3d. Several irregular plurals were retained in the Standard, e.g. shoon "shoes", eyer "eggs", "childer".
3e. Reflexive "me" is still more common than "myself", e.g. "I have gotten me a new etymologickal dictionary". NB: This is really the middle voice, rather than a reflexive pronoun. Note also that the verb heit (vij) retains its zero ending middle termination: I heit, tha heit, she heit / I hight, tha hight, she hight. When active, it has the usual endings: "he heits þem and þey comes to him".
3f. "Gotten" remains the past participle of "get" in England (as it is in America *here*).
3g. Interrogation is accomplished through fronting of the verb: "knows tha my name?". Use of an auxiliary verb, "does tha know my name?" is a much more colloquial form.
3h. Likewise, negation is similarly accomplished through fronting, and the use of an auxiliary verb is markedly colloquial: "I know not" is more common than "I don't know".

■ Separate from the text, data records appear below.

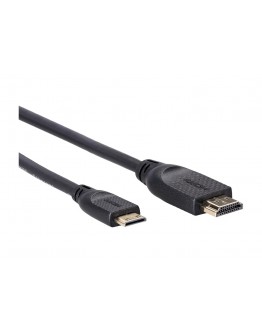 VCom кабел HDMI M / Mini HDMI M v2.0 - CG583-1.8m
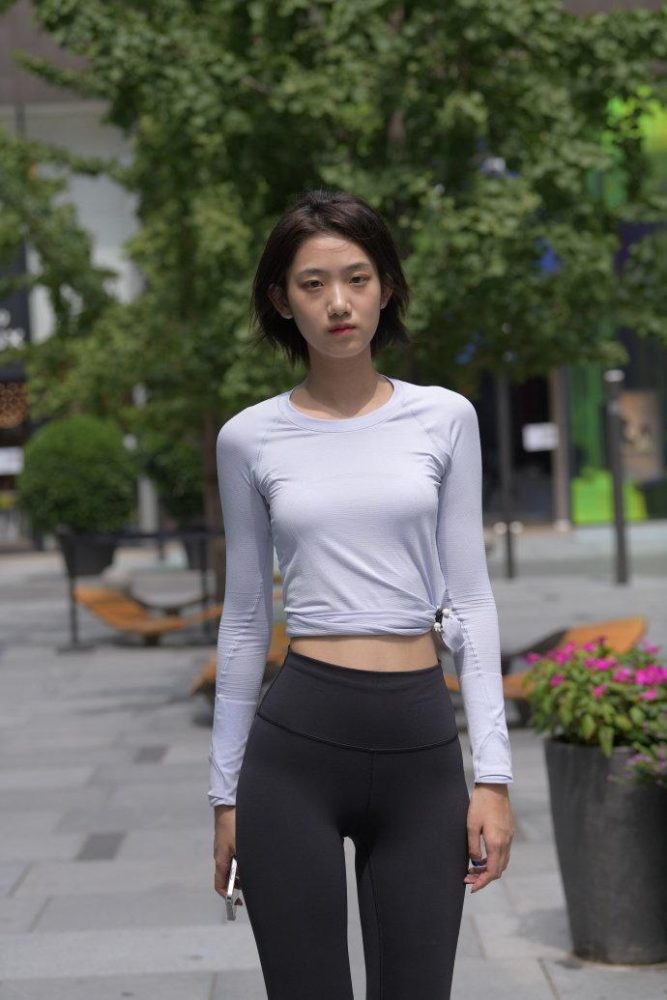 短发长腿的女生J2791 292P-5.71GB-野途图库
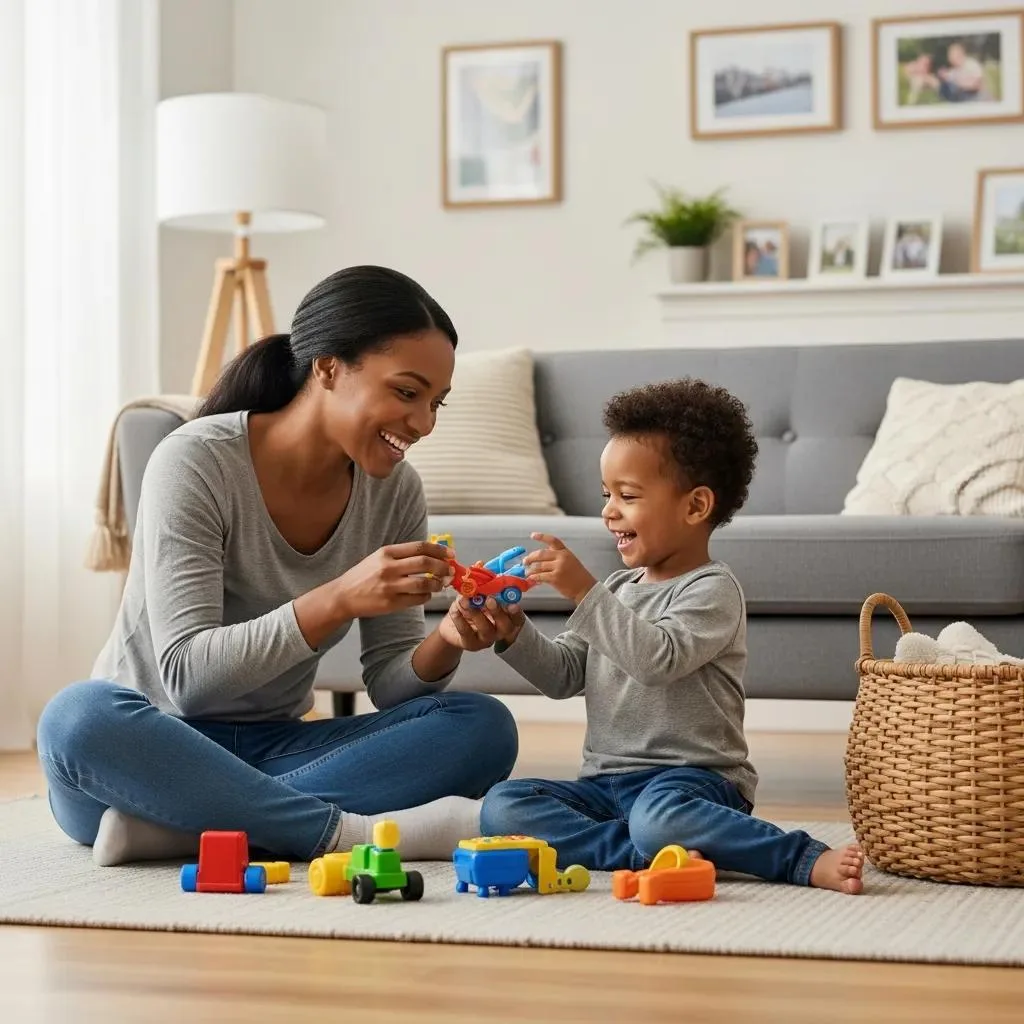 Parenting In Recovery: Balancing Sobriety &Amp; Family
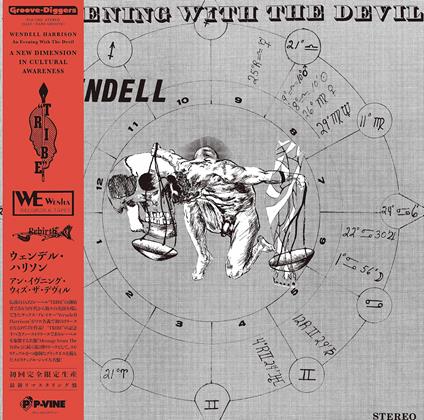 An Evening With The Devil - Vinile LP di Wendell Harrison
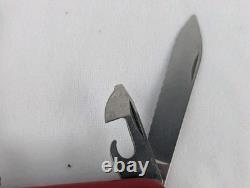 Vintage Victorinox Ranger Outdoorsman Hoffritz Swiss Army Knife Camping Logo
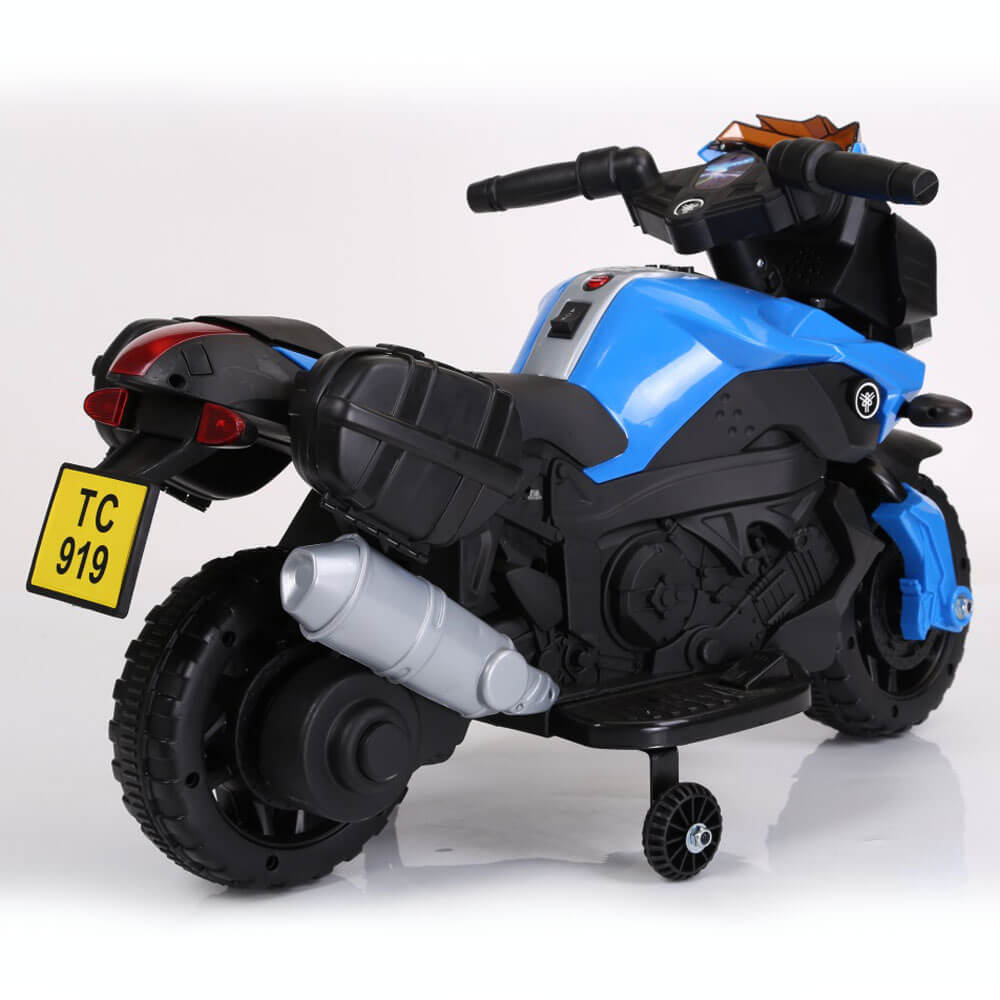 Motocicleta electrica JC919 [4]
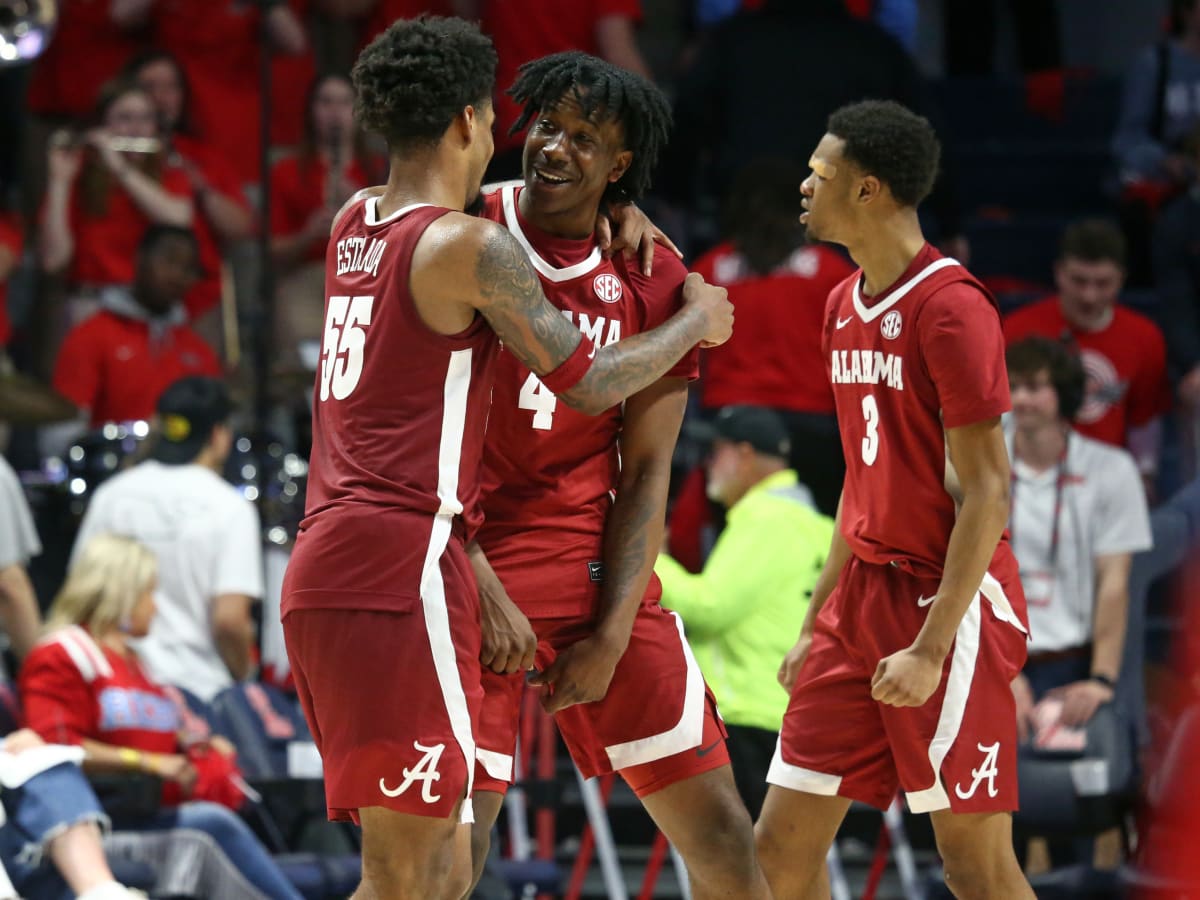 Takeaways from Alabama Basketball's Win Over Ole Miss - Sports Illustrated  Alabama Crimson Tide News, Analysis and More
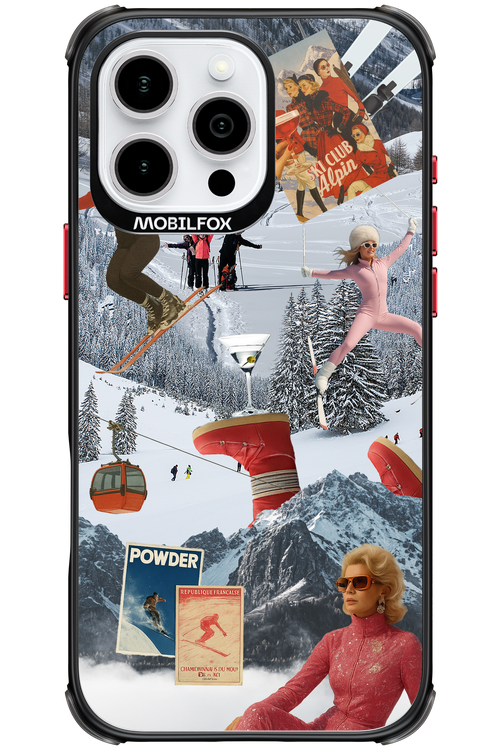 Pink Jump - Apple iPhone 16 Pro Max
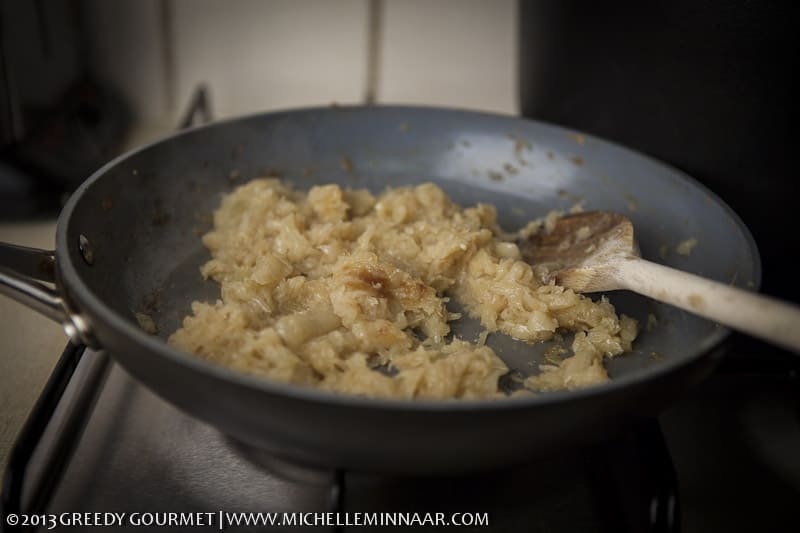 Browned Onions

3i. "My/mine" and "thy/thine" are found in complementary distribution before consonants and vowels: "my shoon" but "mine oxen". “Thy/thine” is only found in writing, and even then primarily in high-class registers.
3j. There is an orthographic differentiation between -ng (gerund) and -nd (participle). Both are realised as [n] in all dialects, including among typically high register speakers; spelling pronunciation of the words is considered overly pretentious.
3k. The second person singular pronoun is tha (< thou)/ thee; the plural is ye / you (youse is found regularly in Edinbro for all numbers and cases). Other dialects may show some variation as well. The typical possessive form is thy/thine in writing and tha in speech.
3l. There was until very recently (19th century) distinction of I (unaccented) / Ich (accented). It is still found in literary writing but has largely disappeared from speech in the standard dialect. It can still be found in peripheral areas.
3m. A reduced form of them, "hem" exists.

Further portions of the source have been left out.